Secondly, why waste the space? Wonderfully, there's no wasted space at all. The authors of MAME came up with an ingenious method of combining ROMsets of cloned games so that only those modified ROMs had to be included. ROM chips that were unchanged in the clone, are not duplicated in the merged archive. That means that only the information that is unique to the clone is taking up extra space. Now that's efficiency!
| WHAT'S UP WITH BROKEN GAMES? |
You'll notice in browsing the hundreds and hundreds of games that some of them report small flaws in the emulation like incorrect color schemes or no sound support. Some of them are listed as "broken" and won't even start up.
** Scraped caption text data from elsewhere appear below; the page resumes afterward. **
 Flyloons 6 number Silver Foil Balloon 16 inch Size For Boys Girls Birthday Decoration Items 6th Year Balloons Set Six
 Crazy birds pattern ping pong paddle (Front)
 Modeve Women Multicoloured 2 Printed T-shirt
This is mostly because MAME is an ongoing project which is being worked on by a team of programmers around the world. It's rare for two programmers to be able to sit down in the same room together and hammer out problems. So when a guy in one corner of the world can get a game to work just a little bit, or even get the chips to acknowledge that they are activated, he'll include that part of his work in MAME so that all of the other programmers around the world can look at what he's started and build on it. If there weren't broken games, MAME would grow very, very slowly indeed -- or not at all. Broken games are a necessary evil that you'll just have to live with. But don't think of them as games you can't play; think of them as a preview of what's to come in future versions!
I've removed some of the ROMsets that MAME reports as broken to maximize space on this disc, but some are still included. But remember; although a game is broken in this MAME release, the next one might have the same game working perfectly, and you'll be all set with the ROM to play it!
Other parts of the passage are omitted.